Announcement

What Does Multiple Linear Regression Look Like?

Consider once again the regression of homocysteine on B12 and folate (all logged to base 10). It's common to think of the data and display it as pairwise scatterplots. The regression equation

LHCY = 1.570602 - 0.082103 LCLC - 0.136784 LB12

is often mistakenly thought of as a line. However, it is not a line, but a surface.

Each observation is a point in 3-dimensional space {(xi, yi, zi), i = 1,..n} [here, (LCLCi, LB12i, LHCYi)]. When plotted, the data look like the picture to the left.

It can be difficult to appreciate a two-dimensional representation of three- dimensional data. The picture is redrawn with spikes from each observation to the plane defined by LCLC and LB12 to give a better sense of where the data lie.

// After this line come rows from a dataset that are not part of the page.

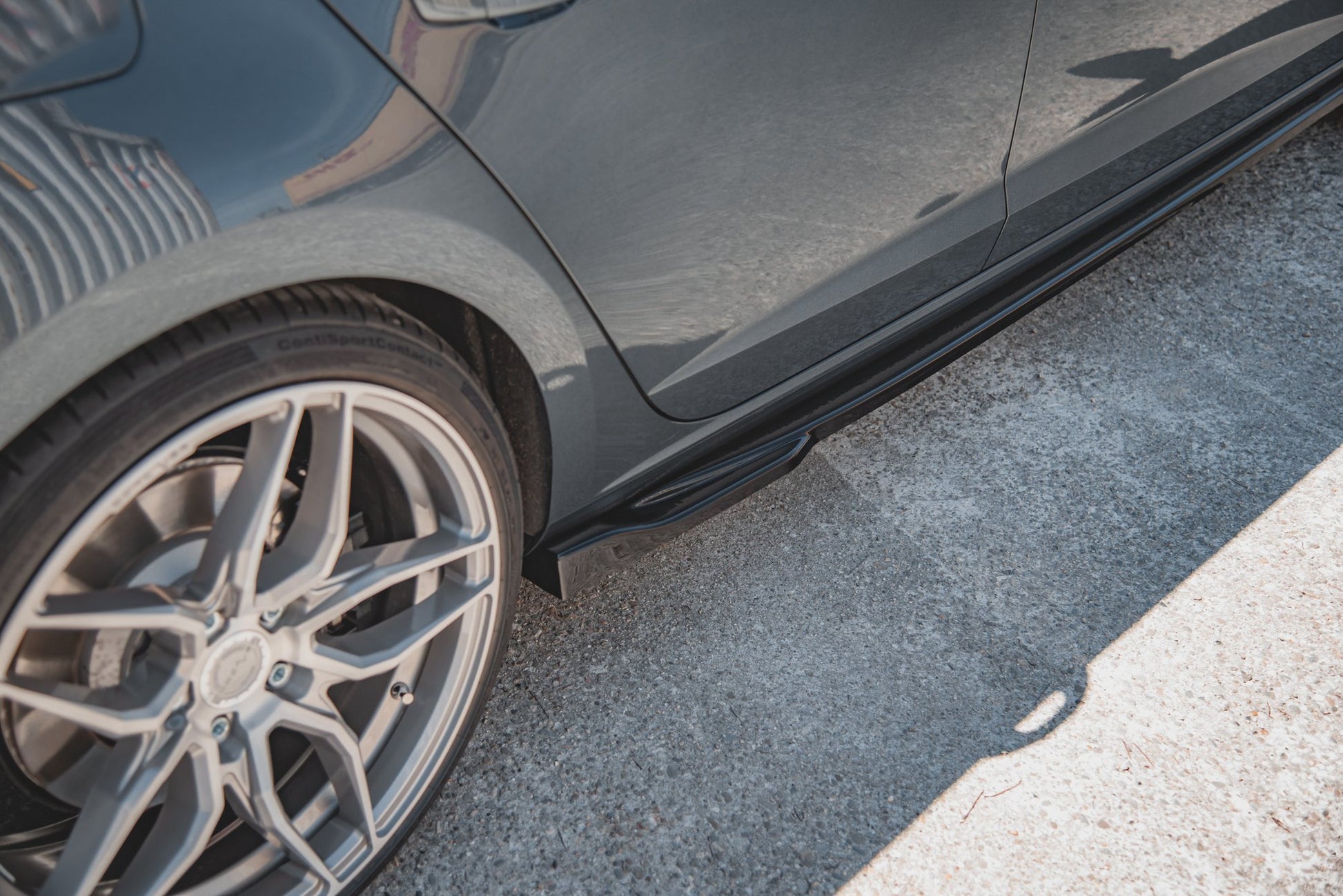 Seitenschweller Ansatz für V.4 Seat Leon Cupra / FR Mk3 FL schwarz Hochglanz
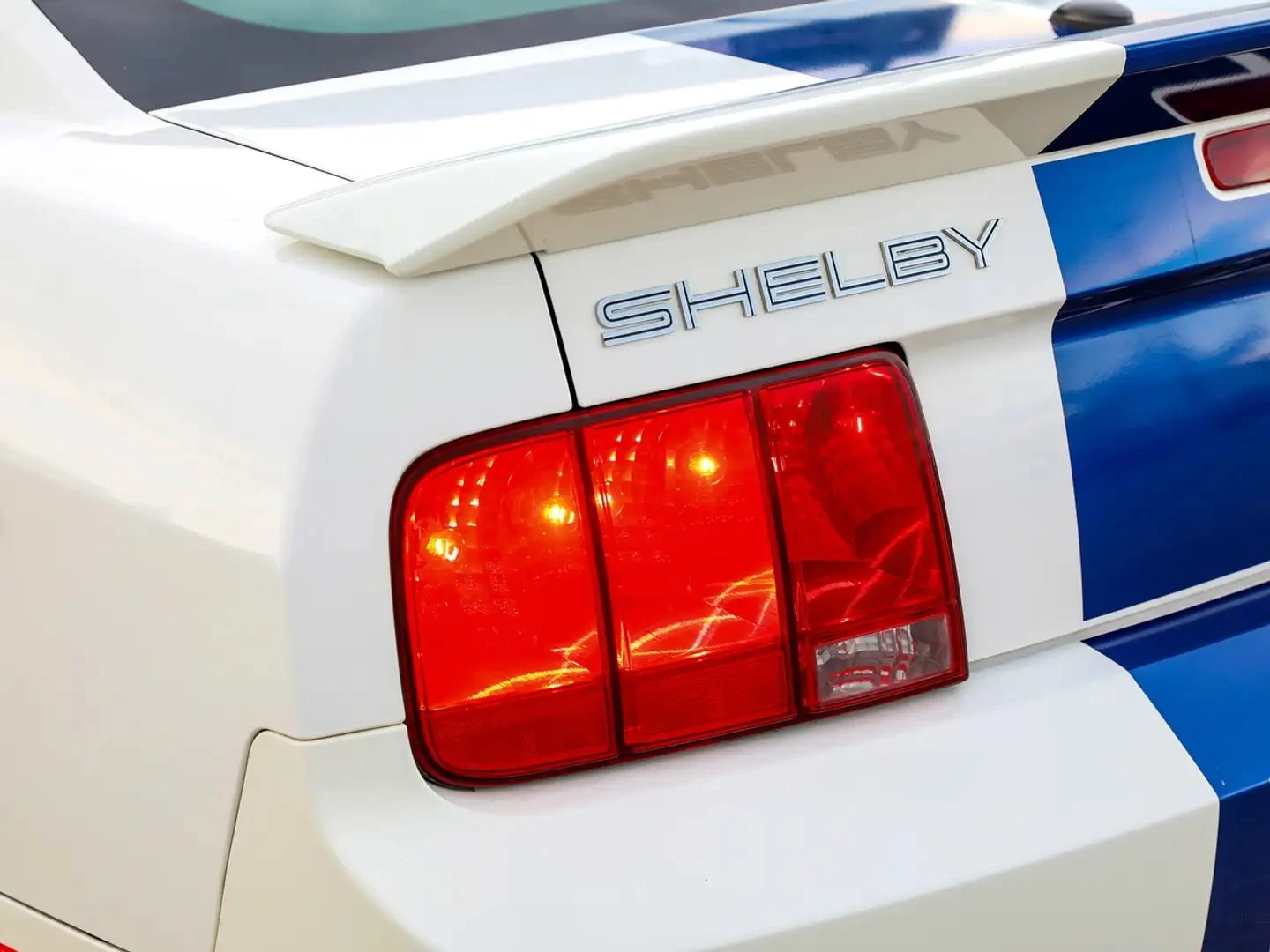 Ford Mustang Shelby GT500, снимка 9 - Автомобили и джипове - 56378705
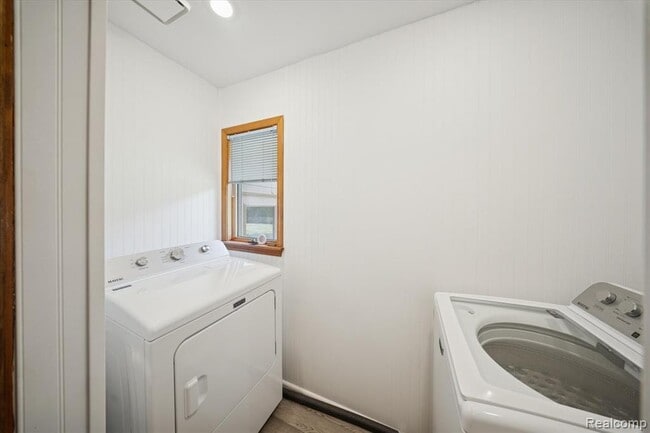 Building Photo - 7700 Trumble Rd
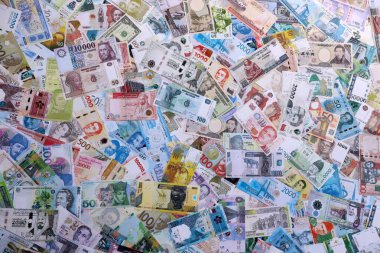 Farklı ülkelerden gelen para. Büyük meblağda nakit. Döviz Borsası kavramı
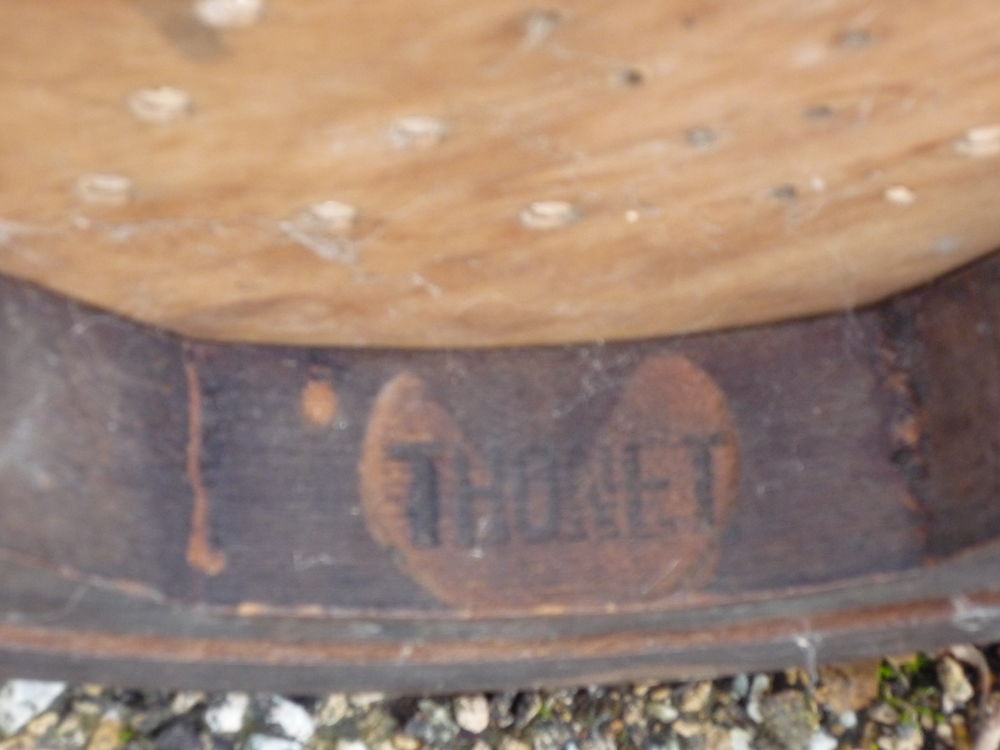Tabouret Thonet
diam&egrave;tre 35cm
h 55cm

The final display shows the regression surface. It is a flat plane. Predicted values are obtained by starting at the intersection of LB12 and LCLC on the LB12-LCLC plane and travelling parallel to the LHCY axis until the plane is reached (in the manner of the spike, but to the plane instead of the observation). Residuals are calculated as the distance from the observation to the plane, again travelling parallel to the LCHY axis.

The same thing happens with more than 2 predictors, but it's hard to draw a two-dimensional representation of it. With p predictors, the regression surface is a p-dimensional hyperplane in a (p+1)-dimensional space.